Incident timeline (NIS2 reporting)

  1. Open Incidents (/incidents); optionally review the available playbooks.
  2. Create an incident with a severity (needs incident:write).
  3. Open the incident detail, then add timeline events and update its status as it evolves.
Expected result
Incident created with an INC- reference; a "created" timeline event is
auto-added and a "NIS2 reporting clock started" notification is emitted. The
detail shows a computed NIS2 reporting section (deadlines derived from the
incident), the ordered timeline, and the linked playbook if one is set.
https://cerynix.example.com/incidents
Cerynix incident timeline showing the NIS2 reporting clock
Incident Timeline — NIS2 reporting clock.

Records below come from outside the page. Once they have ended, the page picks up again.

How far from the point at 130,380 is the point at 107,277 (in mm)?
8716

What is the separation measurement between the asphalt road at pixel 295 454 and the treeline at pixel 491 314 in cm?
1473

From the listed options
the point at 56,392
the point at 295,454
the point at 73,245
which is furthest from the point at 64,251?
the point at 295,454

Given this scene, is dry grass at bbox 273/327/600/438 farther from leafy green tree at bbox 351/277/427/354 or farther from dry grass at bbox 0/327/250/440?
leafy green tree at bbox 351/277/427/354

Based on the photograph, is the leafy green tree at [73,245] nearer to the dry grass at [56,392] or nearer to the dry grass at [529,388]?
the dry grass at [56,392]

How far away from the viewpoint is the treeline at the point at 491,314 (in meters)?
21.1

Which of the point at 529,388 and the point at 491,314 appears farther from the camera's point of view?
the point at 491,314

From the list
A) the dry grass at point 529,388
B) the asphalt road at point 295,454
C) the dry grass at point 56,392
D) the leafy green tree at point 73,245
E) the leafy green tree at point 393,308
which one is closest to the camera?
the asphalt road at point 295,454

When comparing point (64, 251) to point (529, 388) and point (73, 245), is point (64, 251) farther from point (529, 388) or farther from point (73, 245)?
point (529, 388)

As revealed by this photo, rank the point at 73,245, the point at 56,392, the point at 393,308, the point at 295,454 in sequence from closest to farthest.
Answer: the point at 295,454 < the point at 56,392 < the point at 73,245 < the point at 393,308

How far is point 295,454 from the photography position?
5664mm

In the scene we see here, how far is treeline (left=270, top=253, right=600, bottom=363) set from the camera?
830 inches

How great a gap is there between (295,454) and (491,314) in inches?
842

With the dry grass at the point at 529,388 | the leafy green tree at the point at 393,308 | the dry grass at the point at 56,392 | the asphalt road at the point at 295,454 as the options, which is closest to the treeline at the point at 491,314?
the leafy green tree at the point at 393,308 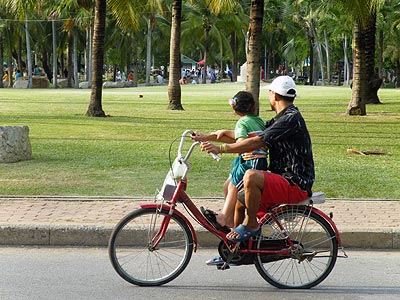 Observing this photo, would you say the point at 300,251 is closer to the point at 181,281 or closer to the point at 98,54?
the point at 181,281

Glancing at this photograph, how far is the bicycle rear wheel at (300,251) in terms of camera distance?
21.3ft

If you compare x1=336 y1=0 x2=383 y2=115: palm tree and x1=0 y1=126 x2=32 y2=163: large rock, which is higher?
x1=336 y1=0 x2=383 y2=115: palm tree

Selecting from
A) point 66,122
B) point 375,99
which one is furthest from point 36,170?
point 375,99

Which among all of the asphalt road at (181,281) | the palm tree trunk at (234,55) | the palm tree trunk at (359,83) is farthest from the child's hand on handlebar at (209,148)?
the palm tree trunk at (234,55)

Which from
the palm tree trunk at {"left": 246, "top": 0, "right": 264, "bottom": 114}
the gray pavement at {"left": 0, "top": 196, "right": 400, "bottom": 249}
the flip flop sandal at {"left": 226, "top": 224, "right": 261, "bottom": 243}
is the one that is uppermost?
the palm tree trunk at {"left": 246, "top": 0, "right": 264, "bottom": 114}

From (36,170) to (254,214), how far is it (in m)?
6.89

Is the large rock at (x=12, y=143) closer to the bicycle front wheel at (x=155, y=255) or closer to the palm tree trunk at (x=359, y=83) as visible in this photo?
the bicycle front wheel at (x=155, y=255)

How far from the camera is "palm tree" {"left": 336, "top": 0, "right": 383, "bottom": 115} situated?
22.3 m

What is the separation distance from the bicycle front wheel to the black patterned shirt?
0.91 metres

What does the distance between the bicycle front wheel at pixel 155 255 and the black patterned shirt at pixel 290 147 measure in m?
0.91

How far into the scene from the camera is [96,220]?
28.2 ft

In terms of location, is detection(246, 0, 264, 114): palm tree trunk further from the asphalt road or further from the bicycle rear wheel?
the bicycle rear wheel

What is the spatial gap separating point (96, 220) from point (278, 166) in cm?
276

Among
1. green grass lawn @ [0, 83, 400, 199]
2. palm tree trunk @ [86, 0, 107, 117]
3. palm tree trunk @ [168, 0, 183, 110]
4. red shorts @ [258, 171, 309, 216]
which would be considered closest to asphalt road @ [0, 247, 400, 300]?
red shorts @ [258, 171, 309, 216] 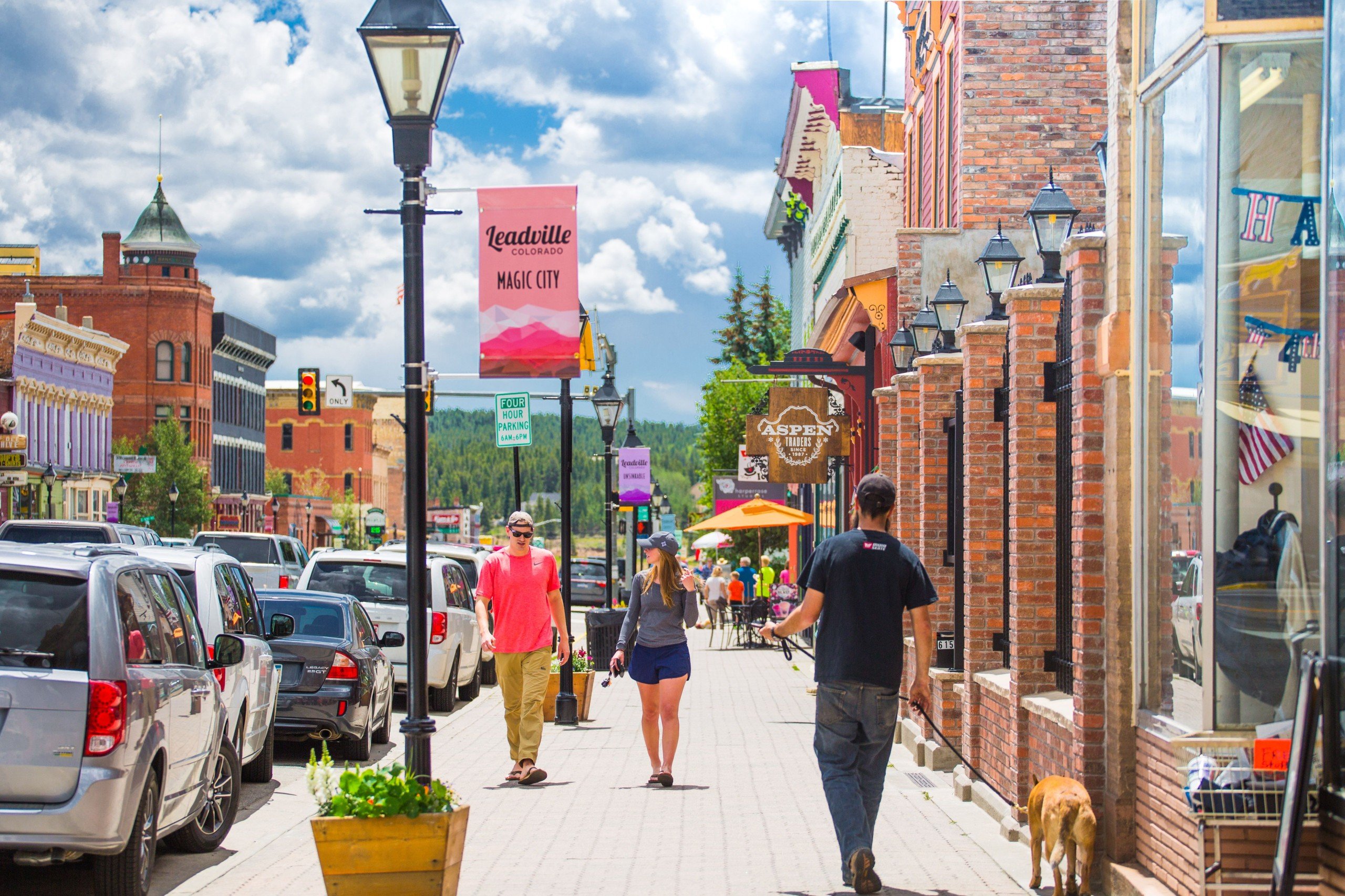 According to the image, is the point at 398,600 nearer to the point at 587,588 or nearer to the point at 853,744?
the point at 853,744

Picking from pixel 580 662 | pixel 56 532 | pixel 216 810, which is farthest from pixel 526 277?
pixel 56 532

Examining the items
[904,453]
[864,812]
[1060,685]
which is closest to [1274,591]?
[864,812]

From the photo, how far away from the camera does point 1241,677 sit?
6082mm

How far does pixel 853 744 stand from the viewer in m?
7.37

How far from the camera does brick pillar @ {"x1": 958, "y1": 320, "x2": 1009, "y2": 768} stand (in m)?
10.5

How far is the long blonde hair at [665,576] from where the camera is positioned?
36.7 ft

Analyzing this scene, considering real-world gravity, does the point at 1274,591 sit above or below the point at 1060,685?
above

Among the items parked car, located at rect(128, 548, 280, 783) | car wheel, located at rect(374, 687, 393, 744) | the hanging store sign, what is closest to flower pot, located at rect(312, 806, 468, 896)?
parked car, located at rect(128, 548, 280, 783)

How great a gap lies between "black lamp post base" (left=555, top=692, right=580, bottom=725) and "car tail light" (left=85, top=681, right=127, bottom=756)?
925 centimetres

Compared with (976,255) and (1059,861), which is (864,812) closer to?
(1059,861)

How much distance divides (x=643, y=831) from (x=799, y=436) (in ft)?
40.4

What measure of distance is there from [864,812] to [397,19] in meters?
4.11

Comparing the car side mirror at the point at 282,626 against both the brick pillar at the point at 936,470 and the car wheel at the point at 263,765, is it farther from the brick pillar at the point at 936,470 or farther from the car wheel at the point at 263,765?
the brick pillar at the point at 936,470

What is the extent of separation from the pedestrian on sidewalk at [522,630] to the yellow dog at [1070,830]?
4.83 m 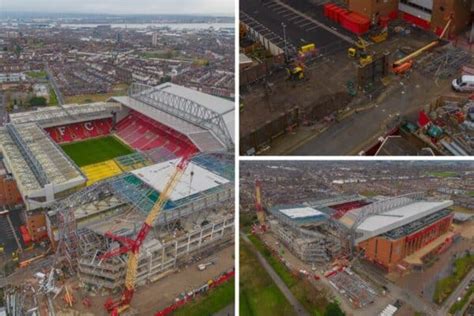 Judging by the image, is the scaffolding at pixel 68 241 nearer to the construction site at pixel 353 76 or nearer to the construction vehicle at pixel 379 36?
the construction site at pixel 353 76

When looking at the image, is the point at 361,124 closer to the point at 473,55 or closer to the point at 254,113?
the point at 254,113

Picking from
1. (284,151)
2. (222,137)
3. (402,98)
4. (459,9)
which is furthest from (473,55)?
(222,137)

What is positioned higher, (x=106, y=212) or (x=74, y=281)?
(x=106, y=212)

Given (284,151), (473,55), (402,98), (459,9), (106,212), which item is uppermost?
(459,9)

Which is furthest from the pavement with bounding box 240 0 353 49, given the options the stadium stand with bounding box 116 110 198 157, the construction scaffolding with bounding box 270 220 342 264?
the stadium stand with bounding box 116 110 198 157

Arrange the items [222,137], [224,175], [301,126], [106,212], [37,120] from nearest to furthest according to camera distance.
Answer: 1. [301,126]
2. [106,212]
3. [224,175]
4. [222,137]
5. [37,120]

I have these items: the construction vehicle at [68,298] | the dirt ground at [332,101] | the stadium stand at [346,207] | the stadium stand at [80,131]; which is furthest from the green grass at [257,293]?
the stadium stand at [80,131] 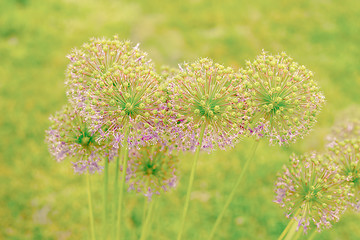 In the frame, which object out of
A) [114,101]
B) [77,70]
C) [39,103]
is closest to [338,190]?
[114,101]

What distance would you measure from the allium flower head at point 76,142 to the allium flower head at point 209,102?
0.52 metres

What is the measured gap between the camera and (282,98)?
6.42 feet

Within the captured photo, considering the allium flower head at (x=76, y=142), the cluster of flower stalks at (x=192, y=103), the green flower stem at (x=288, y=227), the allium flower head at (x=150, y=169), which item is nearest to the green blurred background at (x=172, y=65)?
the allium flower head at (x=150, y=169)

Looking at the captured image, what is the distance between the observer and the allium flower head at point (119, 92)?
1.86m

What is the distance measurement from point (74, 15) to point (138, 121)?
22.2ft

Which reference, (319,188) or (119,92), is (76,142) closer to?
(119,92)

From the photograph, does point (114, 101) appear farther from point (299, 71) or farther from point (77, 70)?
point (299, 71)

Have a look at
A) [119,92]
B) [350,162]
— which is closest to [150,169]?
[119,92]

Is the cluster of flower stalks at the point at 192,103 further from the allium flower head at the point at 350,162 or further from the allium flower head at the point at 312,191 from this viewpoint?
the allium flower head at the point at 350,162

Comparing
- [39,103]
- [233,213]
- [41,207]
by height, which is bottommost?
[233,213]

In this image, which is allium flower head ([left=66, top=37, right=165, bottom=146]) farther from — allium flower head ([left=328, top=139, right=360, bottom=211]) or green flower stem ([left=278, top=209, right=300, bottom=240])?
allium flower head ([left=328, top=139, right=360, bottom=211])

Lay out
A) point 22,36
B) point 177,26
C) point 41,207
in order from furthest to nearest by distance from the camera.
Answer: point 177,26, point 22,36, point 41,207

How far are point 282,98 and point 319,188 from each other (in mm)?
494

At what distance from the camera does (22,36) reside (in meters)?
7.44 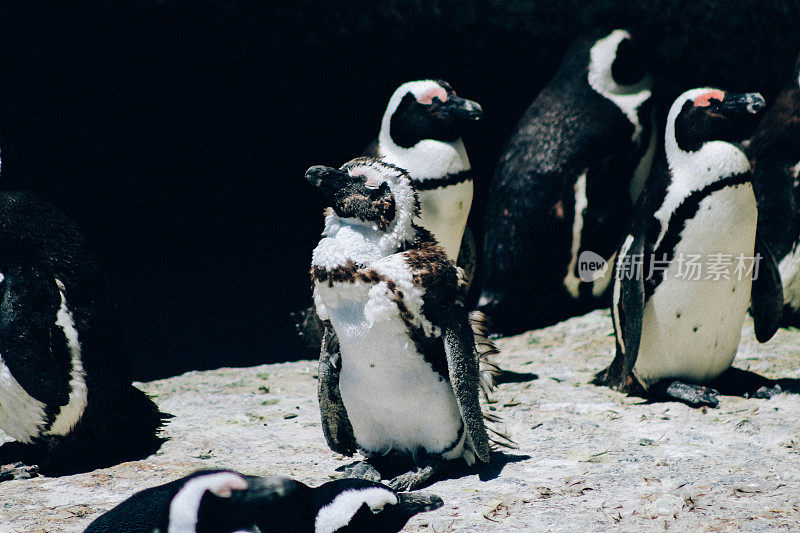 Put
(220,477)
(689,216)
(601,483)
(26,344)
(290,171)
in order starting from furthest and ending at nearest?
(290,171), (689,216), (26,344), (601,483), (220,477)

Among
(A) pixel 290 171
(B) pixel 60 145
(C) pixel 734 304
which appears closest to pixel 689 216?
(C) pixel 734 304

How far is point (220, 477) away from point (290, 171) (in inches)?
169

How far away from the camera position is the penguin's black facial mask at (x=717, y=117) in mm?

Generate SoA & board reports

Open Reports (/reports); GET /reports lists the available types. Generate the Statement of Applicability (PDF, and also CSV / XLSX / DOCX), snapshot a SoA version, and generate the Executive readiness PDF and the audit-evidence / technical-remediation / supplier-risk / country-profile PDFs. Report generation needs report:read / report:generate.

Expected result
Each requested file downloads and opens, reflecting the org's current data
(controls, evidence, risks). SoA versions can be created, listed and exported.
https://cerynix.example.com/reports
Cerynix board reports with SoA and executive readiness exports
Board Reports — SoA + executive readiness (PDF/CSV/XLSX).
Configuration complete You now have a licensed, onboarded instance with your team, a live data source, and the full control → evidence → risk → incident → report loop working. From here it is day-to-day operation. Verify the audit ledger any time under Settings → Security → Verify the audit hash chain.
After setup

Backups

Backups are client-side age-encrypted before touching disk (backup.sh aborts if BACKUP_AGE_RECIPIENT is unset, so it can never write plaintext):

run a backup
cd /opt/cerynix/app
scripts/backup.sh      # -> backups/<timestamp>/{db.sql.gz.age,evidence.tar.age}

Schedule a nightly dump (14-day retention via BACKUP_RETENTION_DAYS):

crontab
30 2 * * * cd /opt/cerynix/app && bash scripts/backup.sh >> /var/log/cerynix-backup.log 2>&1

Restore (needs the off-box private identity you stored in Phase 1):

restore
BACKUP_AGE_IDENTITY=/path/to/cerynix-backup.key \
  scripts/restore.sh backups/<timestamp>
Prove your backups restore Run the drill periodically — it restores the latest backup into a throwaway container and measures RPO/RTO without touching production: BACKUP_AGE_IDENTITY=/path/to/cerynix-backup.key scripts/restore-drill.sh. And copy backups off-box (see scripts/backup-r2.sh) — a backup only on the same VM is not a backup.